“In retrospect, all revolutions seem inevitable. Beforehand, all revolutions seem impossible.”
— Michael McFaul, National Security Council
We are in the midst of a true revolution in the delivery of legal services. And upon reading that, it’s likely that you will fall into one of two camps: those who have already heard the guns firing and who are nodding their heads in agreement, and those who dismiss all the warnings of imminent change as excessive and overwrought.
If you’re part of the first group, I look forward to hearing your reports from the front lines. If you’re part of the second group, and it strikes you as hyperbole that anything could really change the legal industry in this country, in our lifetimes, please read on. Because many of those sounding the alarms happen to be more Paul Revere than Chicken Little.

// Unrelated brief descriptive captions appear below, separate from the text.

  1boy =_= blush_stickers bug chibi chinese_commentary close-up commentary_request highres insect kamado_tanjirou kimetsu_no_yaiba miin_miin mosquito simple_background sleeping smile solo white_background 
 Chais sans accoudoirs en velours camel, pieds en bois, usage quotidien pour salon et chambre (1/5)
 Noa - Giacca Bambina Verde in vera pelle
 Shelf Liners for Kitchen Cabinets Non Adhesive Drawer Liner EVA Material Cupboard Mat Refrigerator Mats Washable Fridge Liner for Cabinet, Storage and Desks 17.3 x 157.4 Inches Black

Take Bruce MacEwen, for one. If you don’t know Bruce, you should. He is the talent behind the thought-provoking Adam Smith, Esq. blog, which looks at far-reaching trends in the legal profession. As the name of his blog implies, he is interested in the business and economics of law. Forgive me for stealing from the old E.F. Hutton ads, but when Bruce speaks, people listen.

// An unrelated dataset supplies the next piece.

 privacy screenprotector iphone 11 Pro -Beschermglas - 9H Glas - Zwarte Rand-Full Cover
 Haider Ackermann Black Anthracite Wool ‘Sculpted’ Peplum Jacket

And so, when Bruce said, “Outsourcing is here to stay” in a recent post, it’s worth paying attention. He was not talking about software development. He was talking about legal services that have always been provided by top-tier law firms to their corporate clients. But now there’s a new vendor of legal services in the room and it’s not a traditional law firm. It’s another animal altogether that some have labeled Legal Process Outsourcing (LPO).
Bruce continues, “Whatever you call it, and whatever you think of its quality, clients have tasted the fruit of the forbidden tree and they’re not going back. If document review can be conducted by Ivy League law school grads…for $50/hour instead of $350/hour, what’s not for a client to like?”